TASK: Transcribe exactly the lines from the one containing "this 731×461 image." through the end of the data, both included. Leave out pictures.

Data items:
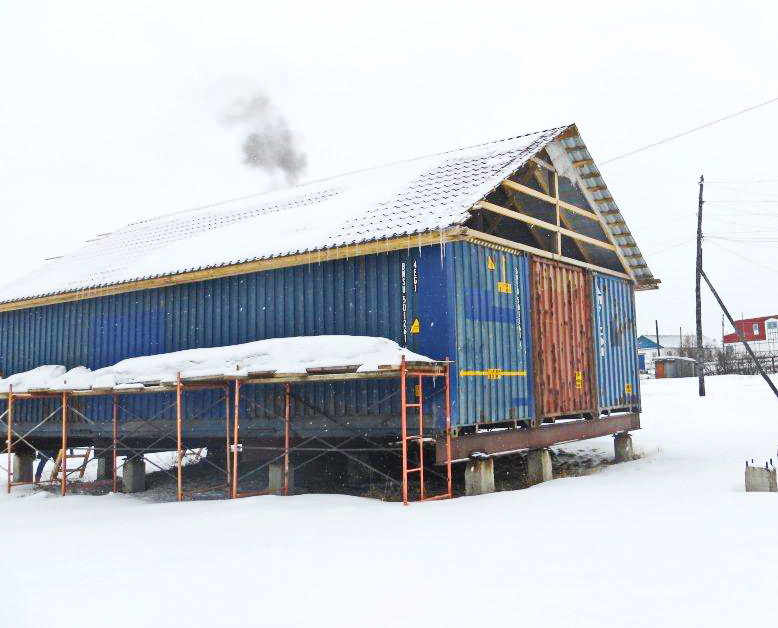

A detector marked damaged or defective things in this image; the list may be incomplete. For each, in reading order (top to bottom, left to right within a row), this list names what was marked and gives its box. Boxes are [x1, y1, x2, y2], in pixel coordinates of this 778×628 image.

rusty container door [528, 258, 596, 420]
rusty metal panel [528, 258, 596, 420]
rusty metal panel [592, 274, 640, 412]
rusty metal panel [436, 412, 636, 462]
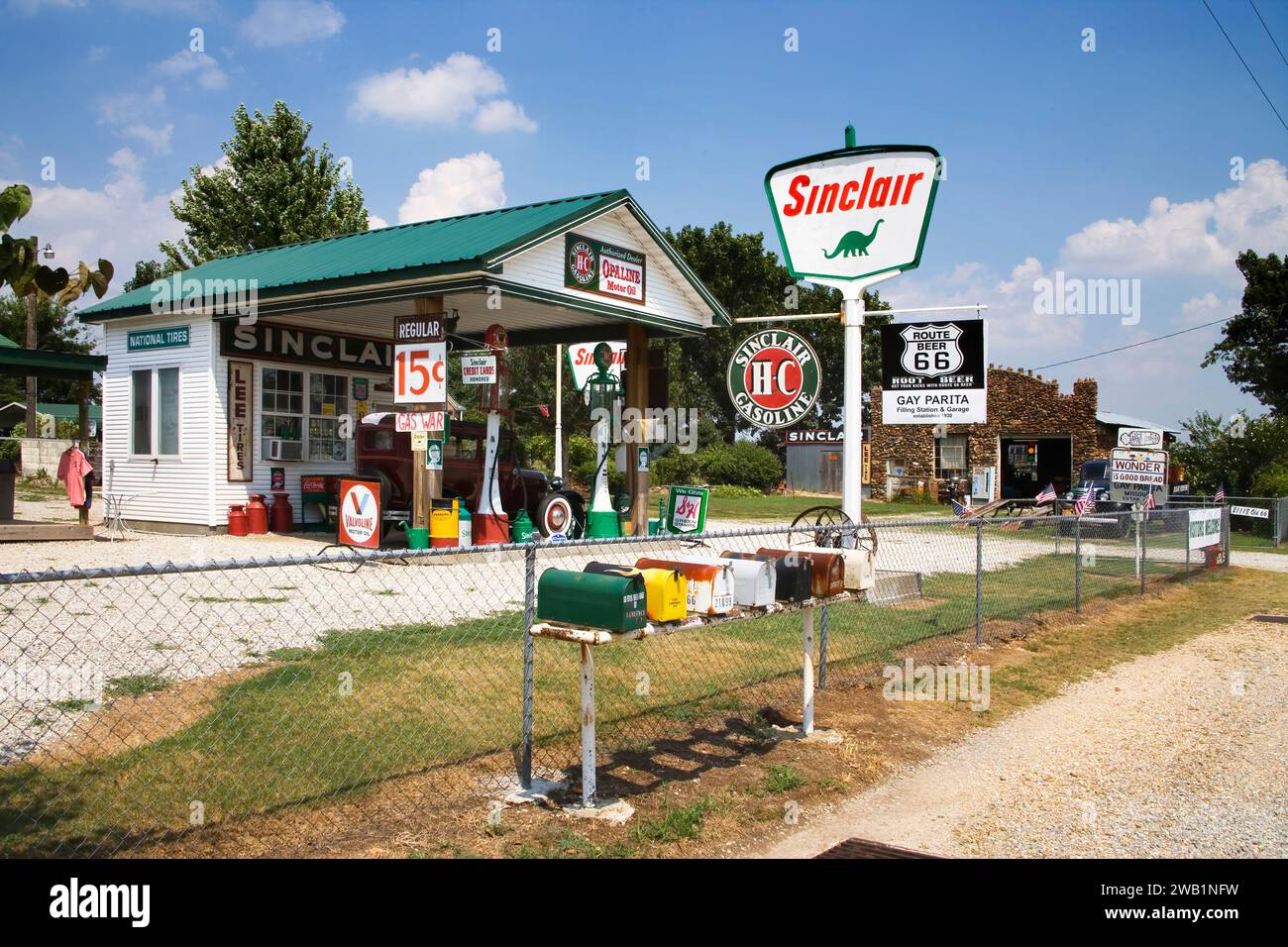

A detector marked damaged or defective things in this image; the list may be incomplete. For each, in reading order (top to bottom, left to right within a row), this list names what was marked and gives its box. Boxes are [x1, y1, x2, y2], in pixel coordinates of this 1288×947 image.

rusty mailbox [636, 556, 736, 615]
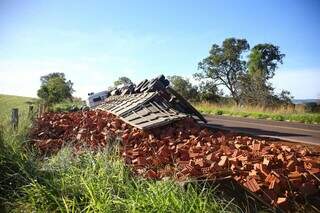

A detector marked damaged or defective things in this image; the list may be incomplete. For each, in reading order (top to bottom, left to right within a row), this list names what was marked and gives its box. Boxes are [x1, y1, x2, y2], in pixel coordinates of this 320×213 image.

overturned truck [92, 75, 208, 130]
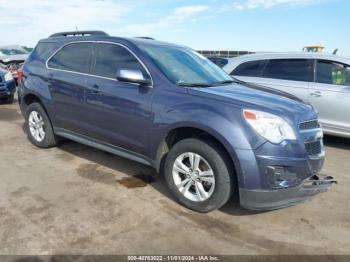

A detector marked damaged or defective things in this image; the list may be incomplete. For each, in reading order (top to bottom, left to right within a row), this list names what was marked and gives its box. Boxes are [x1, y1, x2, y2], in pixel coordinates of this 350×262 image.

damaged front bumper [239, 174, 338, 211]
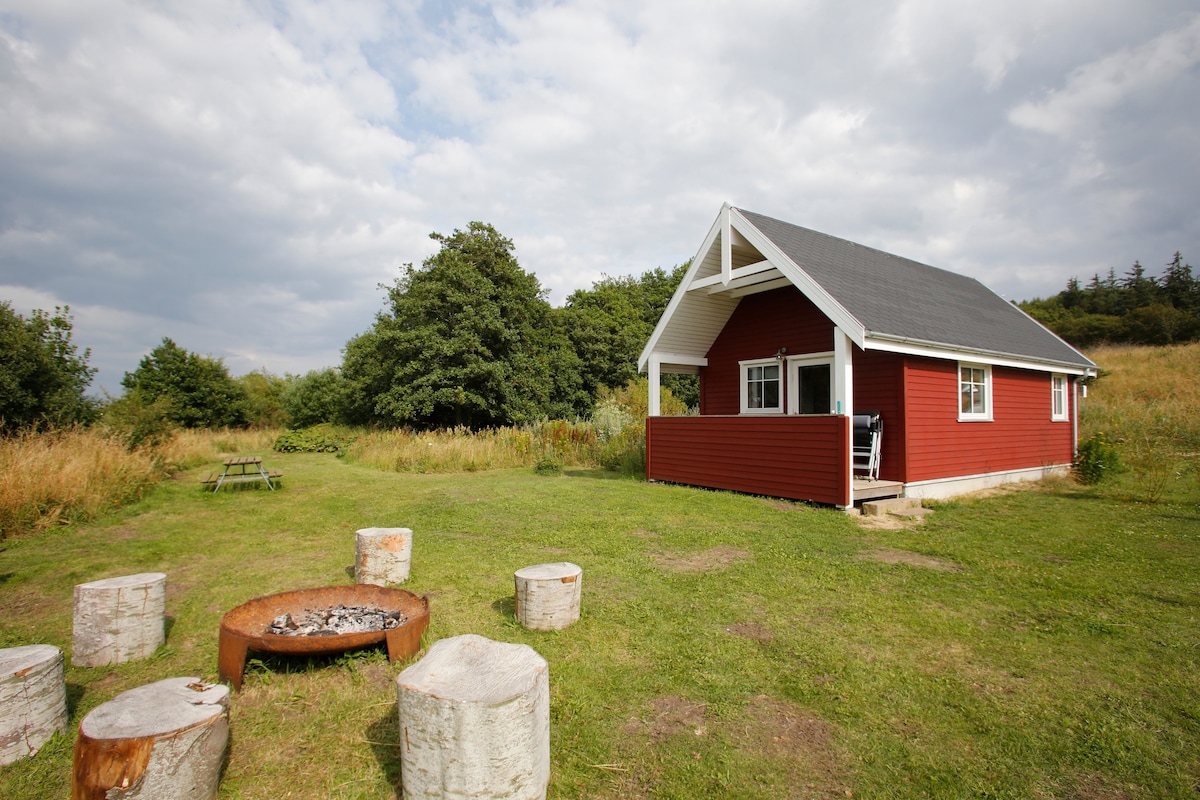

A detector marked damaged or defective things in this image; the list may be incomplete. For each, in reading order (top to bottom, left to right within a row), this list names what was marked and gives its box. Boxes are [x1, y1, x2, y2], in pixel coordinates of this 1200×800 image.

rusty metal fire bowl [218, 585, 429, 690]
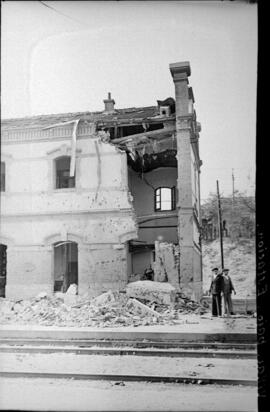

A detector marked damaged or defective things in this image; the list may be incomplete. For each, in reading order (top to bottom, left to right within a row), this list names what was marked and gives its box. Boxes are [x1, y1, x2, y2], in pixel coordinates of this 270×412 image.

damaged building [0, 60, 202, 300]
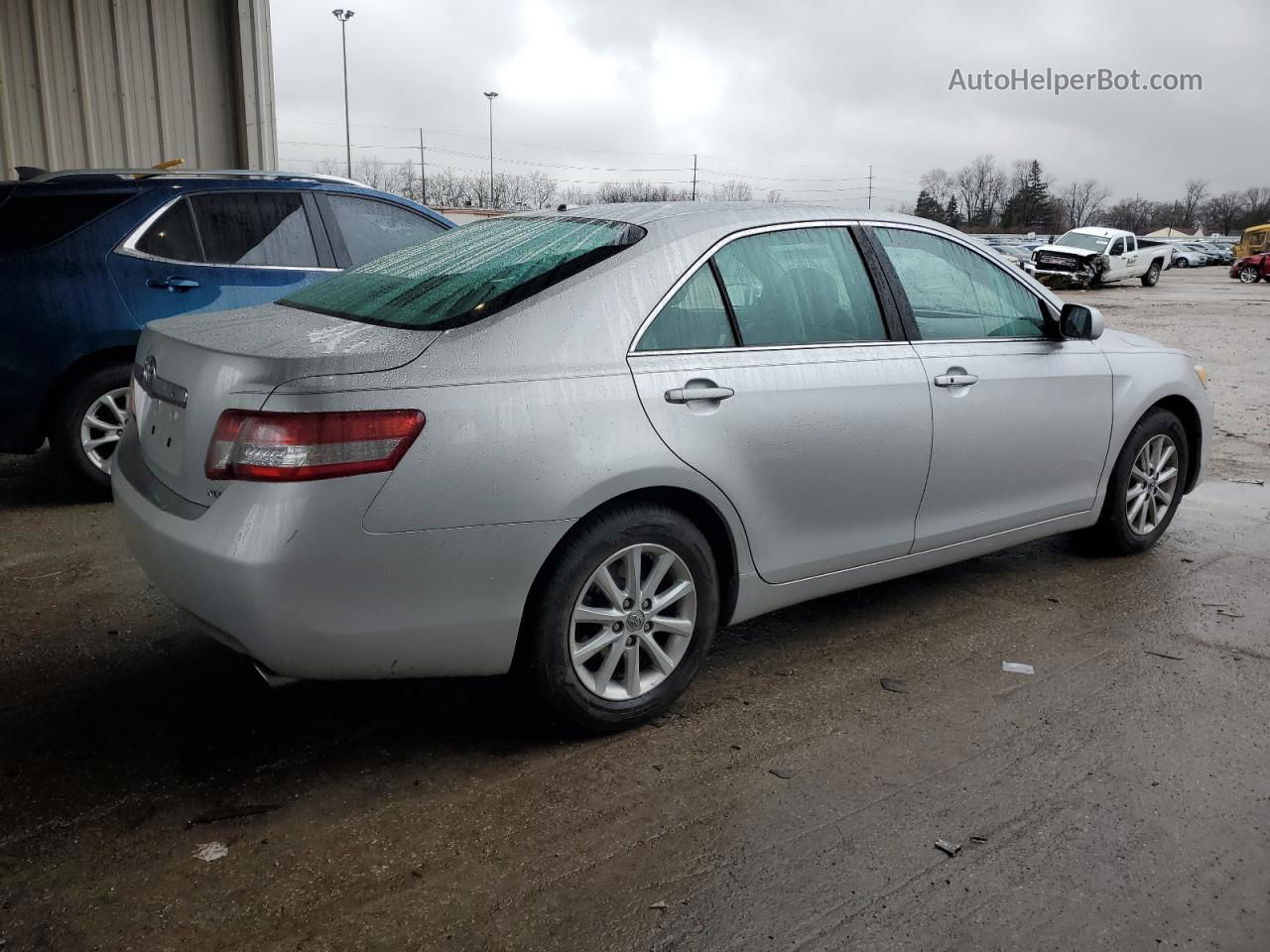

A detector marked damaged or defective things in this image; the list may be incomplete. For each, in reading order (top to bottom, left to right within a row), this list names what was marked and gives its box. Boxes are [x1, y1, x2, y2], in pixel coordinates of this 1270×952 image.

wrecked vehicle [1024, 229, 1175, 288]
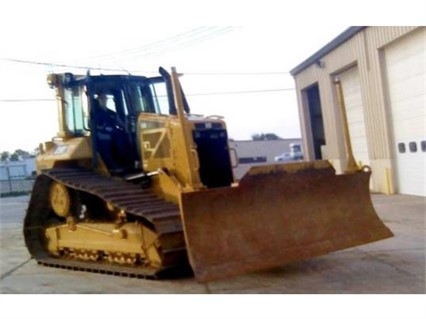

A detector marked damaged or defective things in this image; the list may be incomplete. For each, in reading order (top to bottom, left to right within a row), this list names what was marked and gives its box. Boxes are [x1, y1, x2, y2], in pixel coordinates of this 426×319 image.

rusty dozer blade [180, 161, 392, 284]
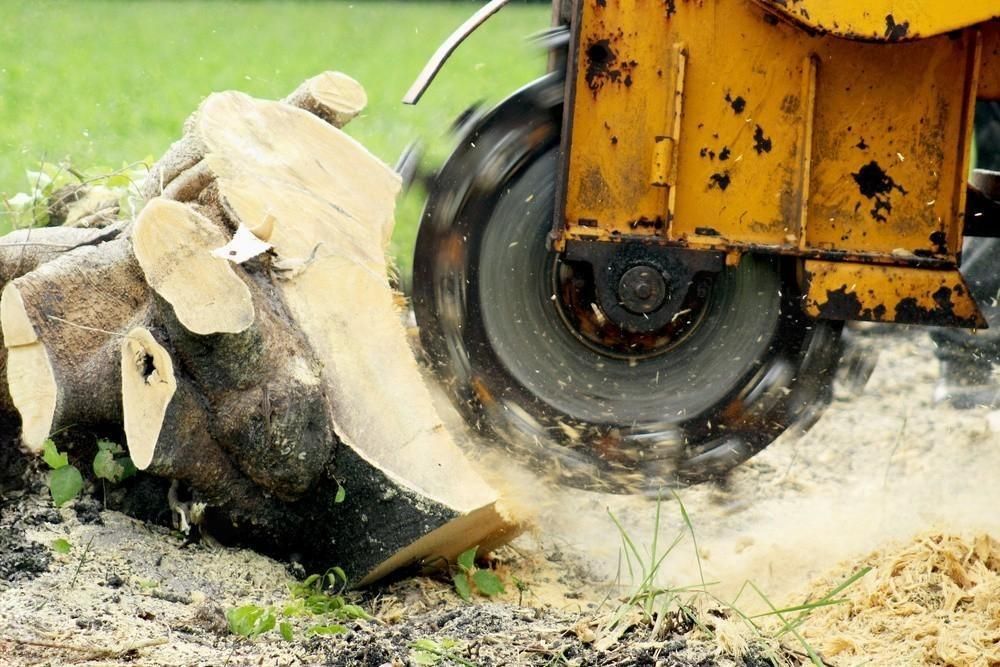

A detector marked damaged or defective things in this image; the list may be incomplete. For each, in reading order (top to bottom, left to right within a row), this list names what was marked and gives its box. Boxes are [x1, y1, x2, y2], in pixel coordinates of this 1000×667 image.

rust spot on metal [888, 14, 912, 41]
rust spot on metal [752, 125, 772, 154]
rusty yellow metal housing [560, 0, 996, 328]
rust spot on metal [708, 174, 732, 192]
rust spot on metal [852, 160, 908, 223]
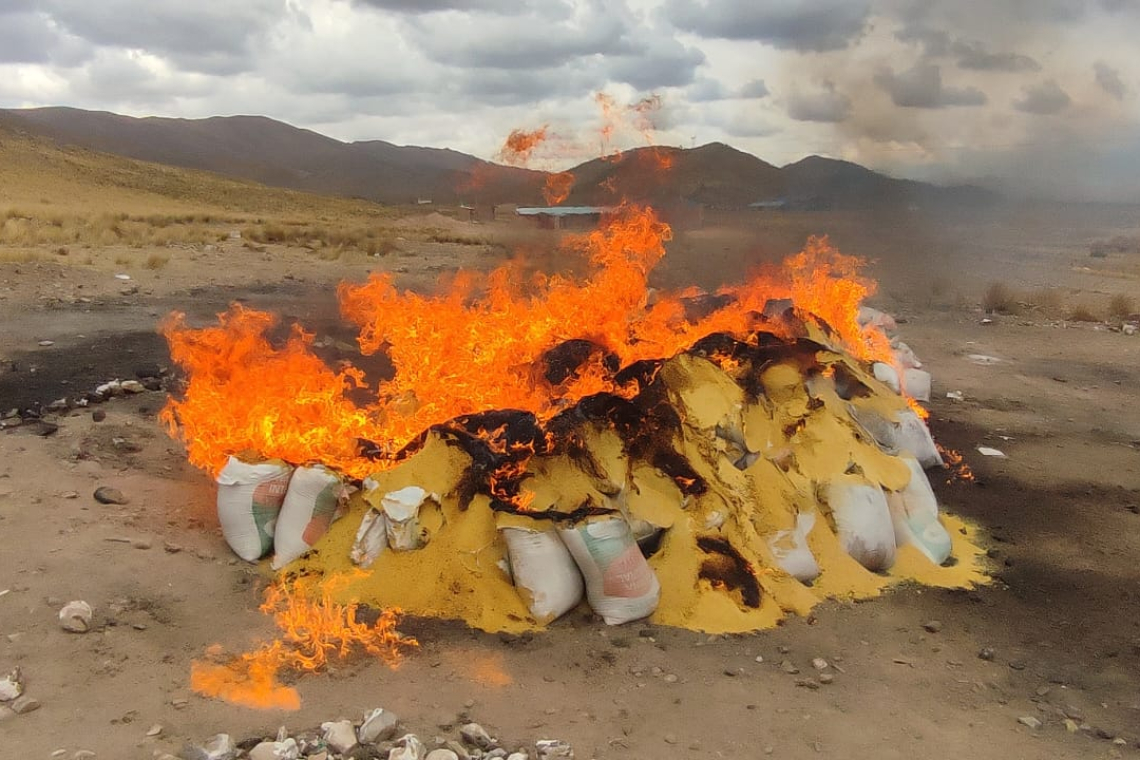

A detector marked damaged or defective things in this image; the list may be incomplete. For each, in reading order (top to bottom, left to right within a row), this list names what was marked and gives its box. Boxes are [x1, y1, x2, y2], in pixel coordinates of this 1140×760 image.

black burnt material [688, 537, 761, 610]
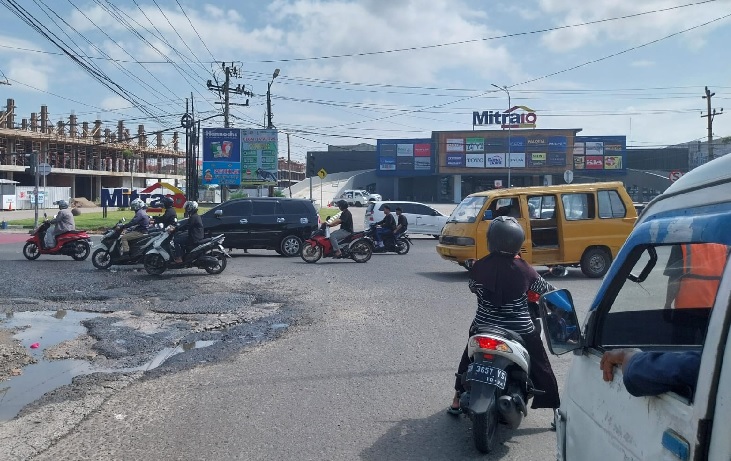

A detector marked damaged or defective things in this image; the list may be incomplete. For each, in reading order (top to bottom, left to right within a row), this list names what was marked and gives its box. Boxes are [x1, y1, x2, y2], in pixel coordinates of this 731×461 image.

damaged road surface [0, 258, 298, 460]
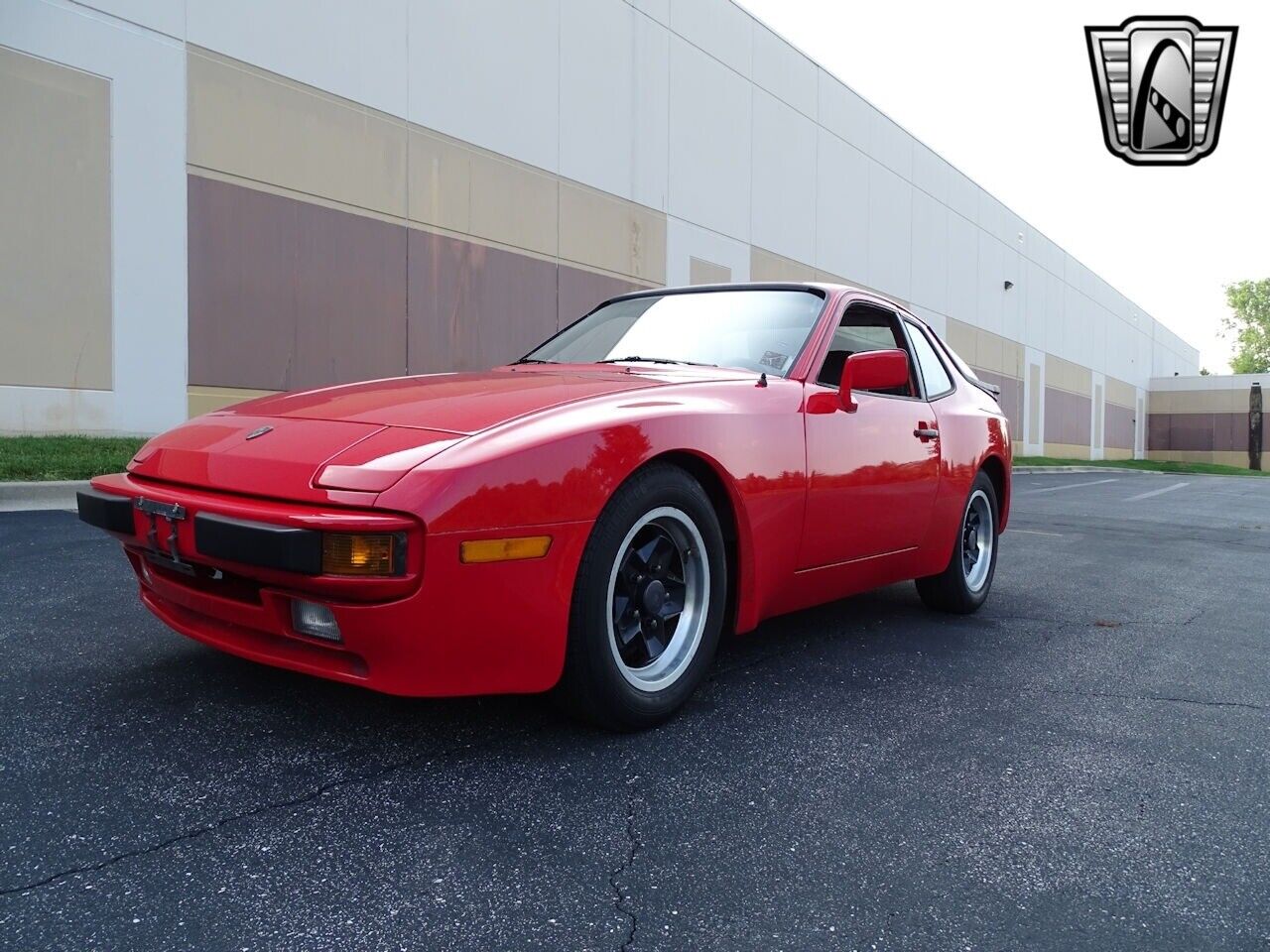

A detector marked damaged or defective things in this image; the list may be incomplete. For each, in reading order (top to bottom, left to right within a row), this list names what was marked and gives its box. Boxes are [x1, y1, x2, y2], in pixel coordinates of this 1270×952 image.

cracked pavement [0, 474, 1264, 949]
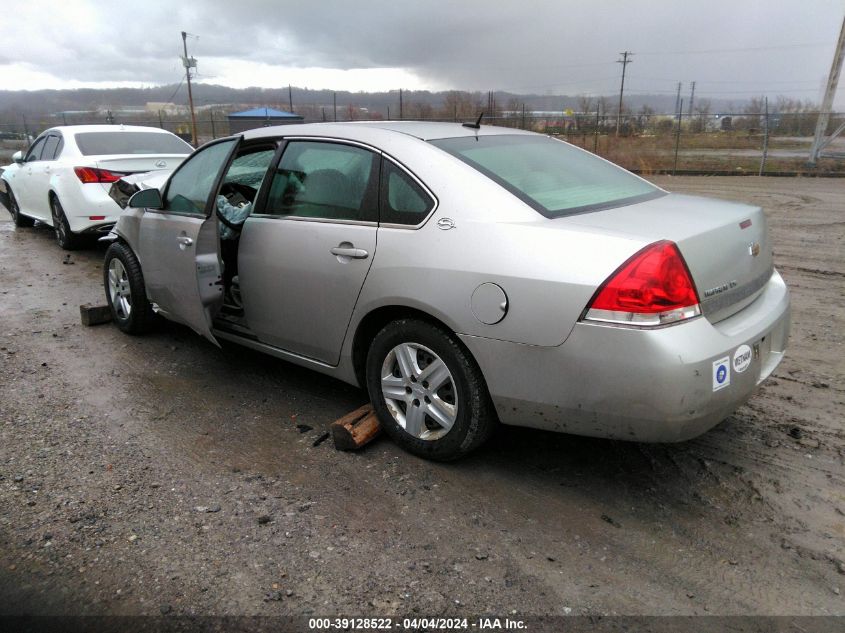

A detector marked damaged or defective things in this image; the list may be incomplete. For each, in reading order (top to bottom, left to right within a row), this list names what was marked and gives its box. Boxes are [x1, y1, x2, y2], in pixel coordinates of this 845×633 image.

EXERCISE RESULT:
A detector marked damaged or defective things in this image; the list may be incomplete. For each, in reading order (top to bottom, left to right within a row), this list names what was marked and gives its box. Boxes are [x1, y1, x2, y2], in pixel coordinates of this 731×461 image.

damaged road surface [0, 258, 298, 460]

A detector marked damaged or defective things in this image; the list may be incomplete. For each, in reading order (top to bottom, left to right within a row), this list names what was marked and gives its box. Boxes are [x1, y1, x2, y2], in pixel coordinates of this 1270×952 image.

cracked pavement [0, 474, 1264, 949]

A detector marked damaged or defective things in this image; the list may be incomplete. For each, in reading order (top to bottom, left to right within a row), this list names what was marked and gives its box. Boxes are [x1, y1, x2, y2], in pixel coordinates of this 845×633 image.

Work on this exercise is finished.